Purpose To assess GPT-4’s responses to validated clinical vignettes and evaluate them for concordance with NASS clinical guidelines and recommendations for lumbar fusion surgery.
Study Design Comparative Analysis and Narrative Review
Patient Sample Adult patients in the United States evaluated for lumbar spine fusion surgery.
Methods Seventeen well validated clinical vignettes with specific indications for or against lumbar fusion based on NASS criteria were obtained from a prior published research study. Each case included history of present illness, physical exam findings, previous treatments attempted, and definitive imaging interpretations. The cases were transcribed into a standardized prompt and entered into GPT-4 to obtain a decision whether fusion is indicated. The query for each case was repeated three times under identical conditions to evaluate the model’s inter-query reliability. If there was internal disagreement between the queries for a given case, GPT-4’s decision for that case was determined by majority rule. Queries were all entered in separate strings to ensure that no contextual memory in the software influenced subsequent responses. The investigator entering the prompts was blinded to the NASS-concordant decisions for the cases prior to complete data collection. GPT-4 inter-query reliability was assessed using the Fleiss’ Kappa statistic. Differences in decision-making between GPT-4 and NASS guidelines were analyzed with Chi-square analysis.
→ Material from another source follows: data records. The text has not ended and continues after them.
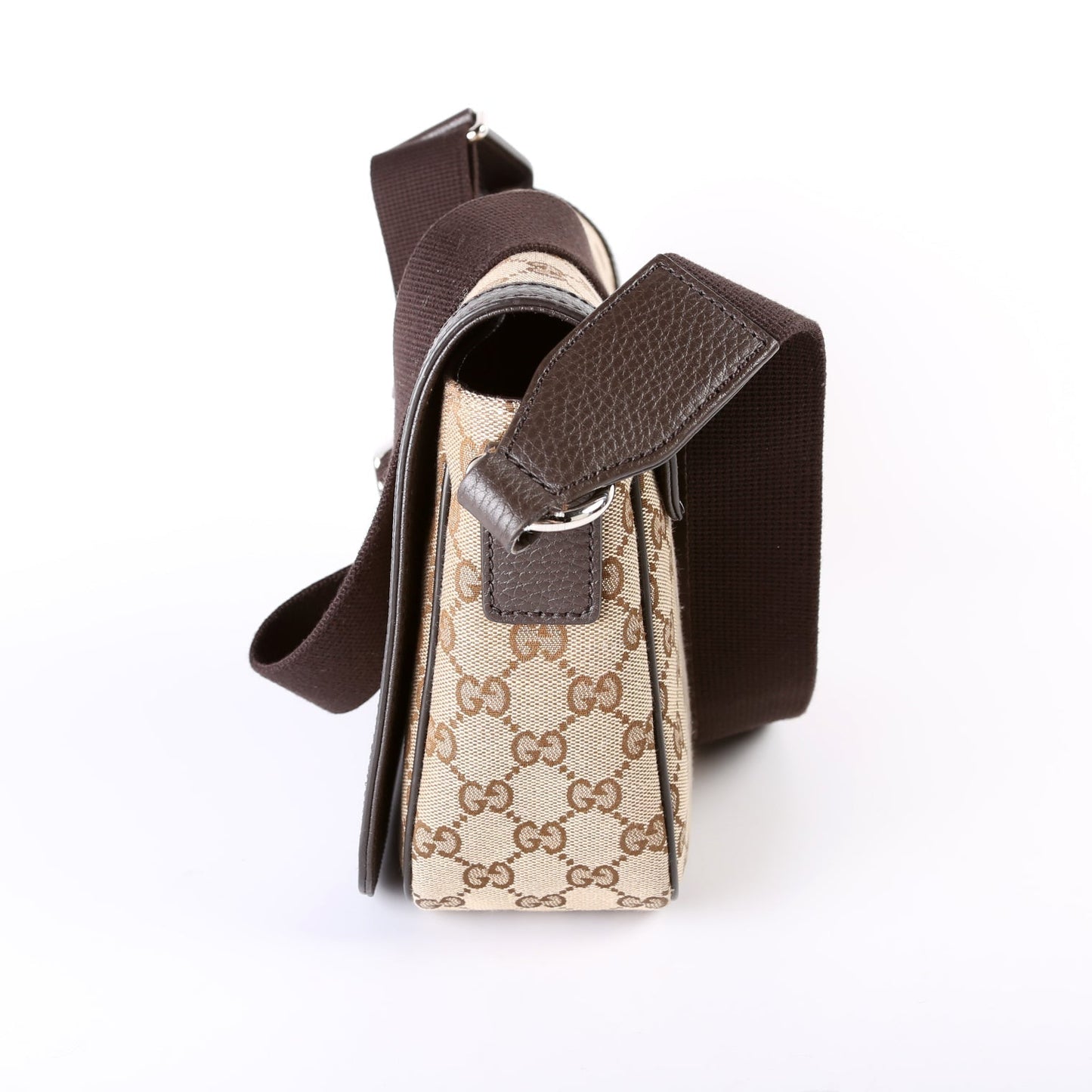 Gucci 449172 GG Canvas Messenger Bag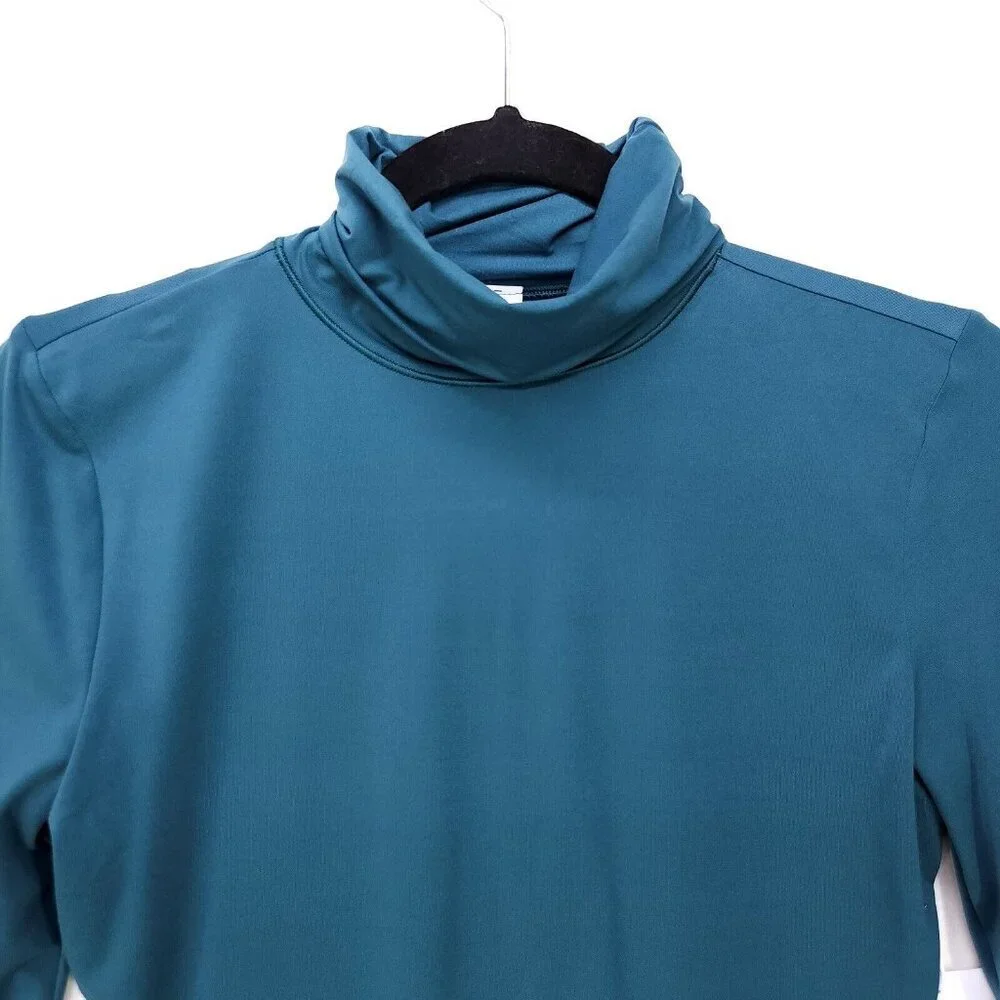 Lululemon Wundermost Ultra-Soft Nulu Turtleneck Bodysuit Green Size Medium Thong - Picture 4 of 15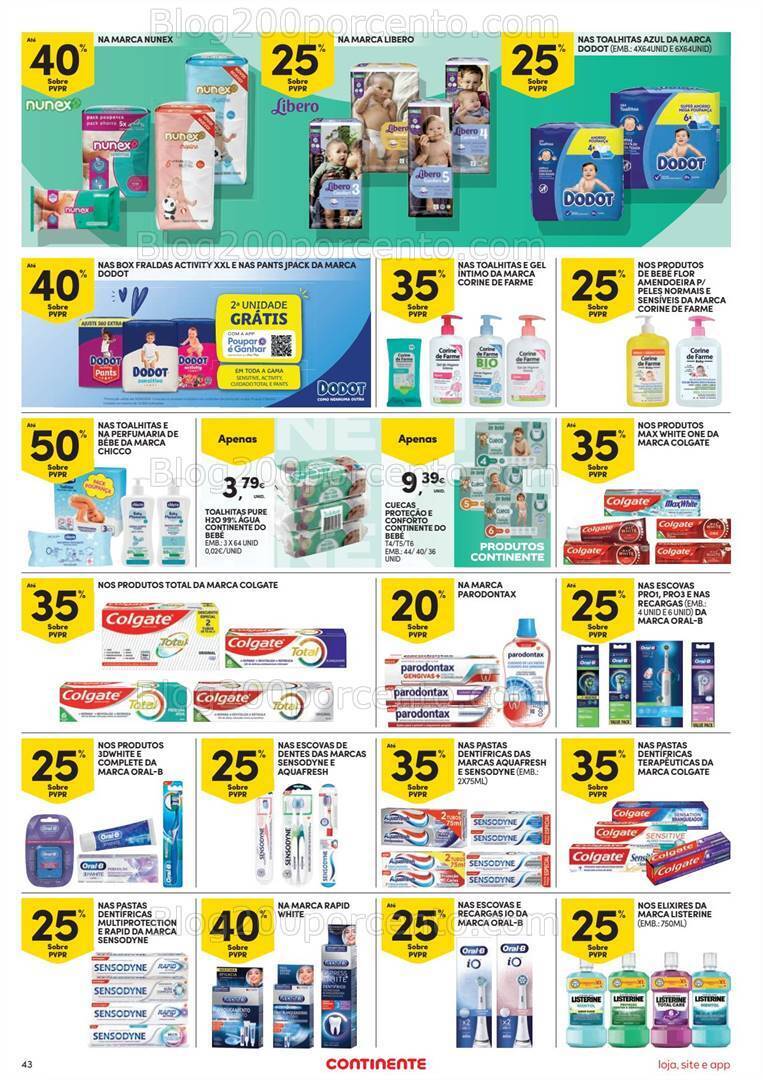 Antevisão Folheto CONTINENTE Promoções de 30 abril a 6 maio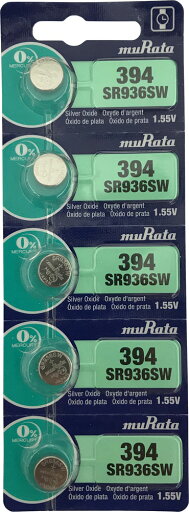 SR936SW(394) 時計用酸化電池 1シート【5個入り】 村田製作所 ムラタ Murata 【送料無料】 SR936SW(394) 時計用酸化電池 1シート【5個入り】 村田製作所 ムラタ Murata 【送料無料】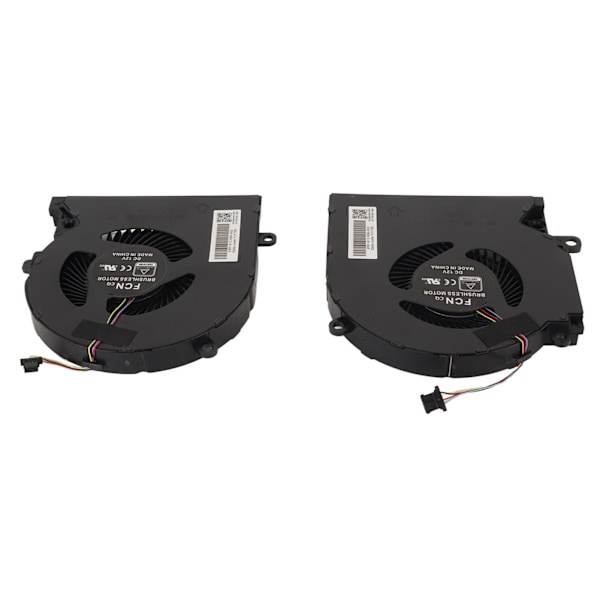 Ersättningskylfläkt DC 12V 4pin Kylfläkt för HP OMEN 15 EK TPN Q236 Fläktar Kylare Radiator M04216 001 ND8CC02 19j22 CPU+GPU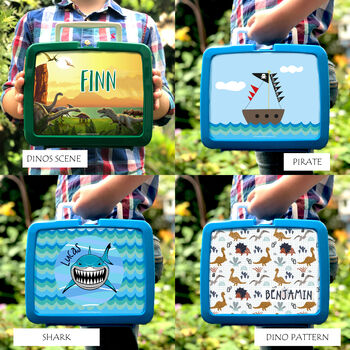 Personalised Plastic Lunch Box Various Designs, 3 of 12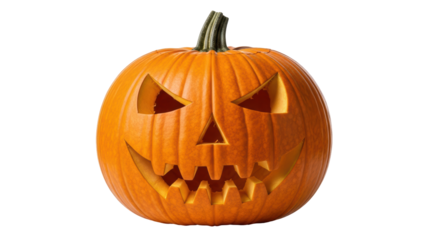 Isolated Halloween Pumpkin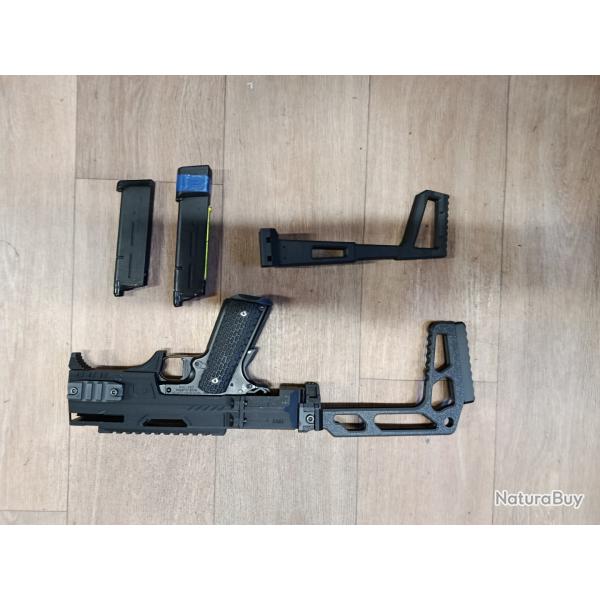 M1911 Strike Warrior Tokyo Marui GBB + kit carabine impression 3D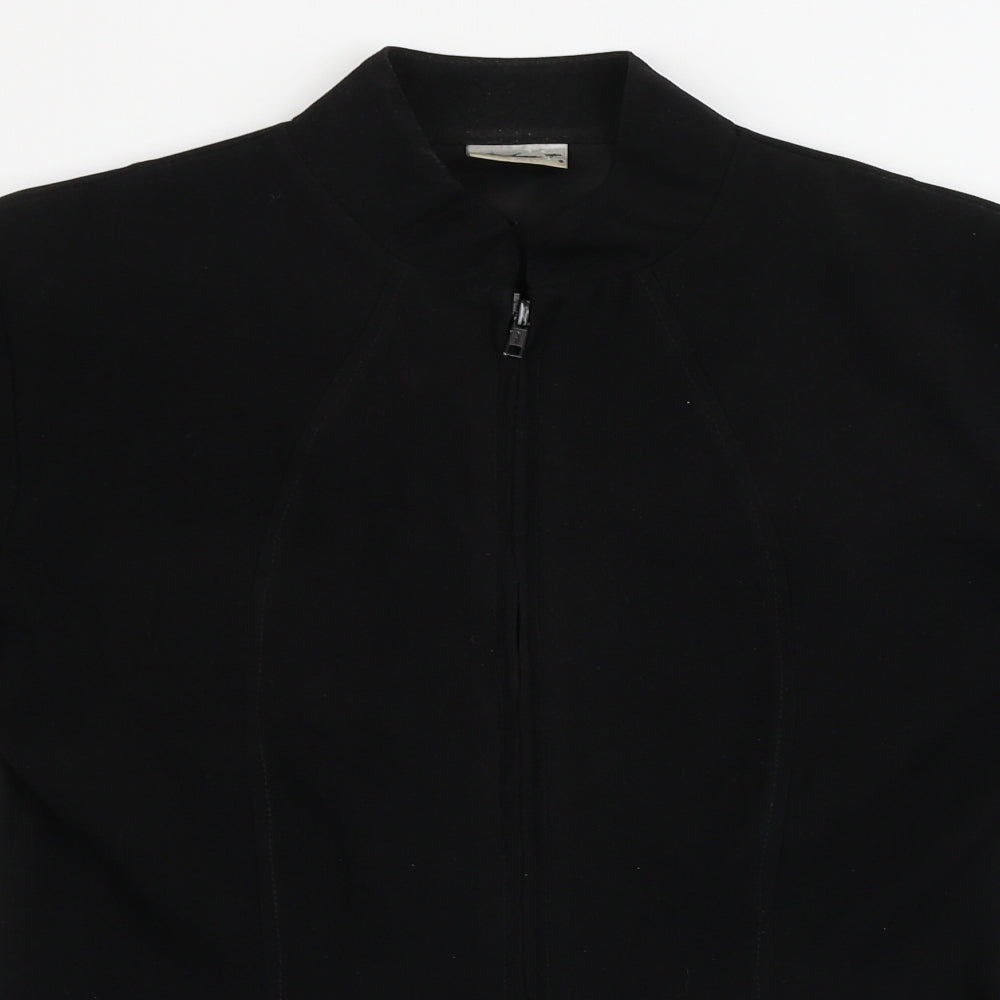Select  Womens Black   Jacket Coat Size 8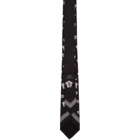 Versace Black and White Medusa Neck Tie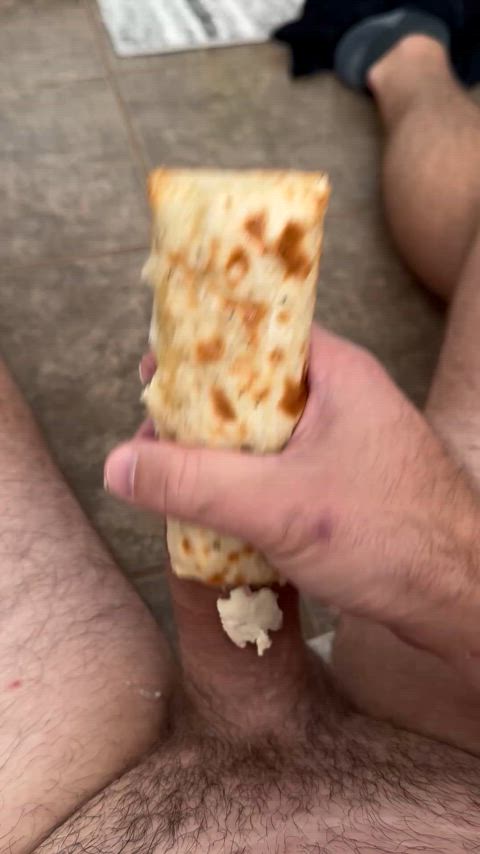 Hot pocket was hot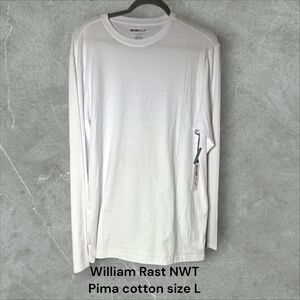 William Rast White Pima Cotton Men's Shirt, Size Large NWT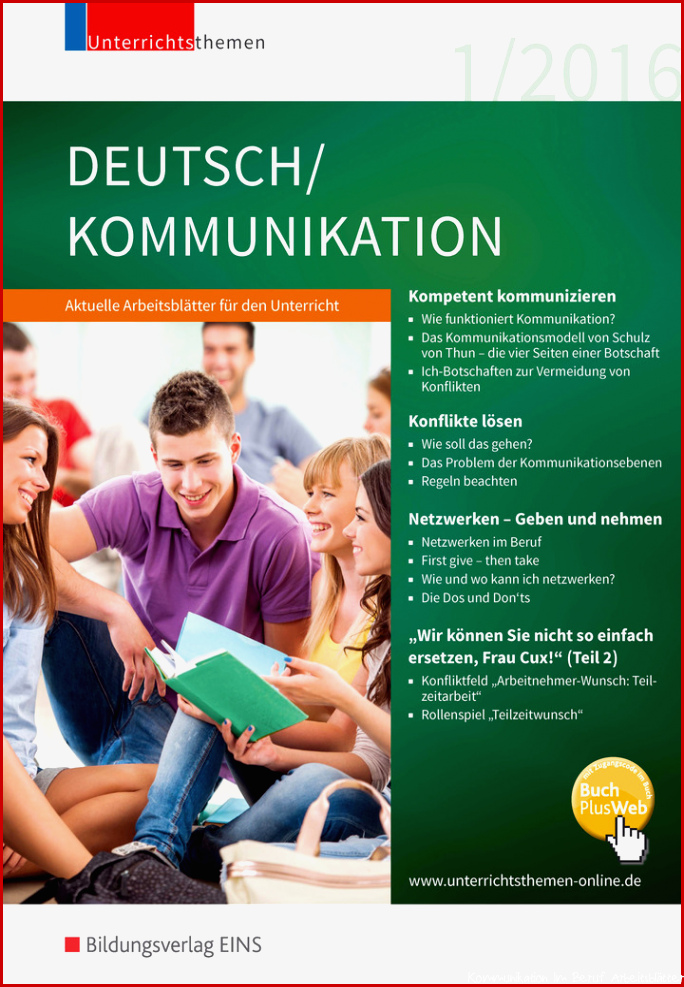 Unterrichtsthemen Deutsch/Kommunikation - Arbeitsblätter für Ihren ...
Results GPT-4 responses for 14/17 (82.4%) of the clinical vignettes were in concordance with NASS EBM lumbar fusion guidelines. There was a significant association in clinical decision-making when determining indication for spine fusion surgery between GPT-4 and NASS guidelines (χ² = 7.14; p < 0.01). There was substantial agreement among the sets of responses generated by GPT-4 for each clinical case (K = 0.71; p < .001).
Conclusions There is significant concordance between GPT-4 responses and NASS EBM indications for lumbar fusion surgery. Artificial intelligence and deep learning models may prove to be an effective adjunct tool for clinical decision-making and medical education within modern spine surgery practices.